Input data –
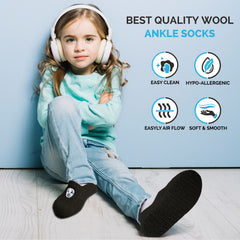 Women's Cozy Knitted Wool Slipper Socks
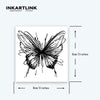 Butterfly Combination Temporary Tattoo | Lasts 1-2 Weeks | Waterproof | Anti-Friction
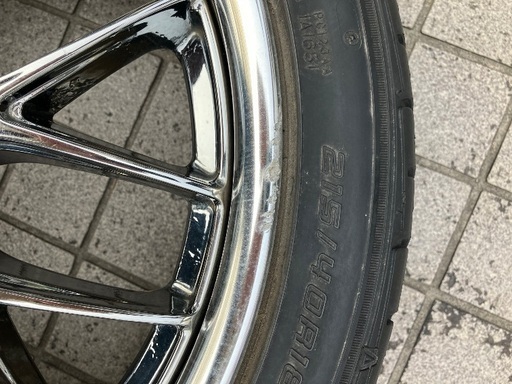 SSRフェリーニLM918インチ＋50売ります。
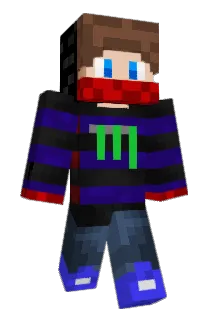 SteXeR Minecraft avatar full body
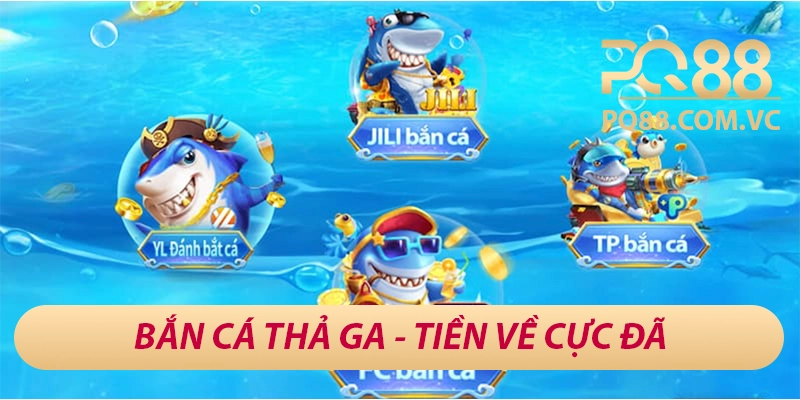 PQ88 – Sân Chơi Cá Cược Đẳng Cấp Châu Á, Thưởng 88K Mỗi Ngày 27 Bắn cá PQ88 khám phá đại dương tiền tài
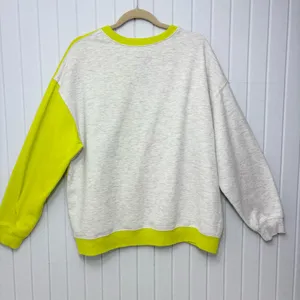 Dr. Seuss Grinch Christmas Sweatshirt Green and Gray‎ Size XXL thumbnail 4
---
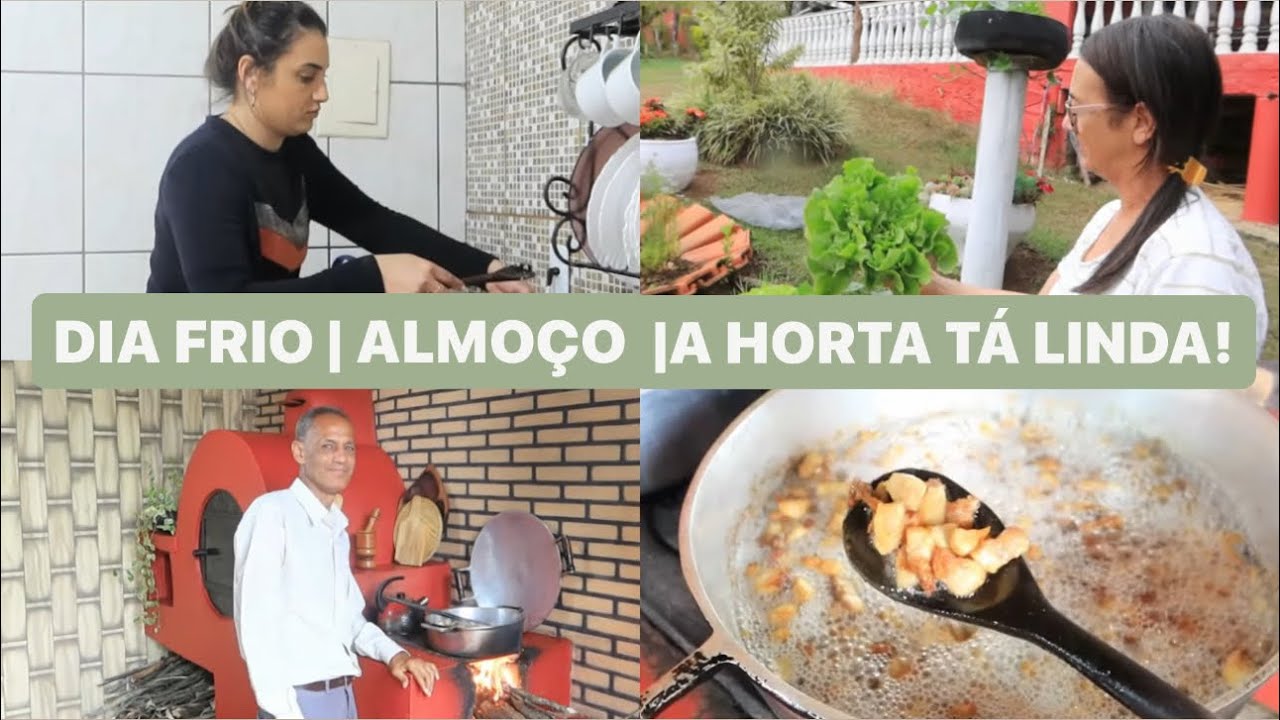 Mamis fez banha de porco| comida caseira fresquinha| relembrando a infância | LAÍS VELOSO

What this task involves –
Extract, without any images, the part of the material above that opens with the line containing "Women's Cozy Knitted Wool Slipper Socks" and closes with the line containing "Dr. Seuss Grinch", both lines included.

Reply –
 Women's Cozy Knitted Wool Slipper Socks
 Butterfly Combination Temporary Tattoo | Lasts 1-2 Weeks | Waterproof | Anti-Friction
 SSRフェリーニLM918インチ＋50売ります。
 SteXeR Minecraft avatar full body
 PQ88 – Sân Chơi Cá Cược Đẳng Cấp Châu Á, Thưởng 88K Mỗi Ngày 27 Bắn cá PQ88 khám phá đại dương tiền tài
 Dr. Seuss Grinch Christmas Sweatshirt Green and Gray‎ Size XXL thumbnail 4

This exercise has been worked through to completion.